Denmark's more than 4 million voters could choose among over 1,000 candidates — the most ever — from 14 parties. Four of the 179 seats in the Danish legislature, Folketinget, are reserved for the Faeroe Islands and Greenland, which are autonomous Danish territories.
Concerns about rising inflation and energy prices linked to Russia's war in Ukraine and a shortage of nurses in the public health care system were key themes in election campaigns.
"What I feel is important and is a worry to many are the soaring prices, whether it be electricity, bread or gasoline," said Inge Bjerre Hansen, 82, after casting her vote in Copenhagen. "My son is reducing the number of his visits because it has become expensive to fill the tank (of his car)." Unlike in previous elections, immigration received little attention. Denmark has some of Europe's strictest immigration laws and there is broad agreement among the major parties to keep it that way.
That and internal squabbles help explain the collapse of the populist Danish People's Party, which spearheaded Denmark's crackdown on immigration two decades ago.
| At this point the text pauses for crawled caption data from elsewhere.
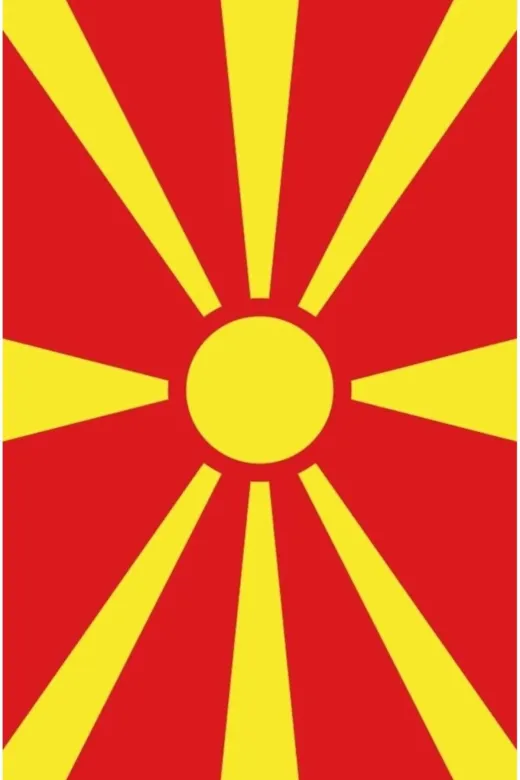 GKBY616 Kuzey Makedonya Gönder Bayrağı 100X150 Cm.
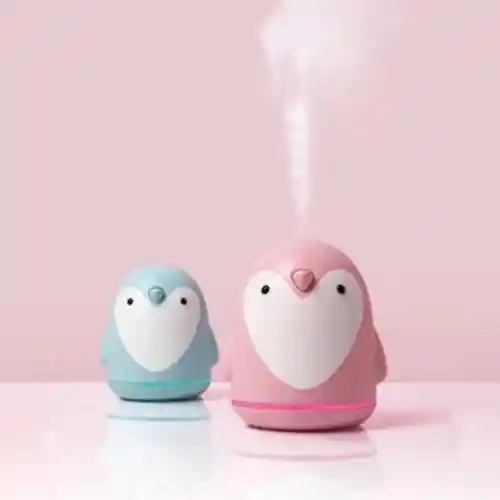 Difusor Pinguino Aromatizante Luces Led Humidificador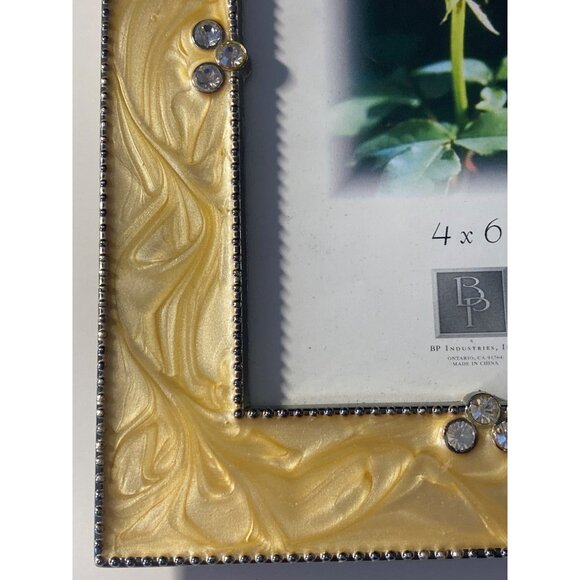Diana Series Picture Frame Gold Silver Rhinestone 4 x 6In Wall Hang Stand - Picture 5 of 16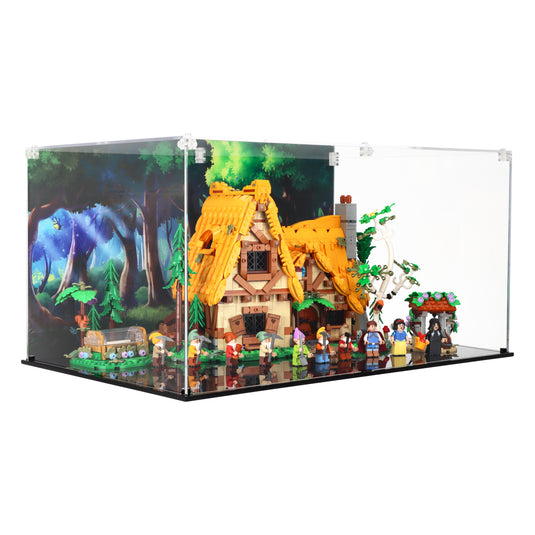 Lego 43242 Snow White and the Seven Dwarfs' Cottage - Display Case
Once polling over 20 per cent, the party recorded its worst parliamentary election result since its creation in 1995, with around 3 per cent of the vote, the results showed.
The Danish People's Party faced competition for nationalist voters from new right-wing parties. Among them are the Denmark Democrats, created in June by former hardline immigration minister Inger Støjberg. In 2021, Støjberg was convicted by the rarely used Impeachment Court for a 2016 order to separate asylum-seeking couples if one of the partners was a minor.
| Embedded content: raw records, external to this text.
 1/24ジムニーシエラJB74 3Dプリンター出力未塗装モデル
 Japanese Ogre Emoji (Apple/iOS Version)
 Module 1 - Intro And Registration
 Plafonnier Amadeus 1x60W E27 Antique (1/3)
She was eligible to run for office again after serving her 60-day sentence. The official results showed her party getting 8 per cent.
Frederiksen, who became Denmark's youngest prime minister when she took office at 41 more than three years ago, teamed up with the opposition to hike NATO-member Denmark's defence spending in the wake of Russia's invasion of Ukraine. Her steadfast leadership during the COVID-19 pandemic was partly overshadowed by the mink-culling episode.
The decision to slaughter up to 17 million minks to protect humans from a mutation of the coronavirus was taken in haste and without the required legislation in place. It dealt a devastating blow to Danish mink farmers, even though there was no evidence the mutated virus found among some minks was more dangerous than other strains.
A Parliament-appointed commission in June criticised the Social Democratic government's handling of the issue. That led one of the centre-left parties backing Frederiksen in Parliament to threaten a no-confidence vote, which prompted her to call the election earlier this month.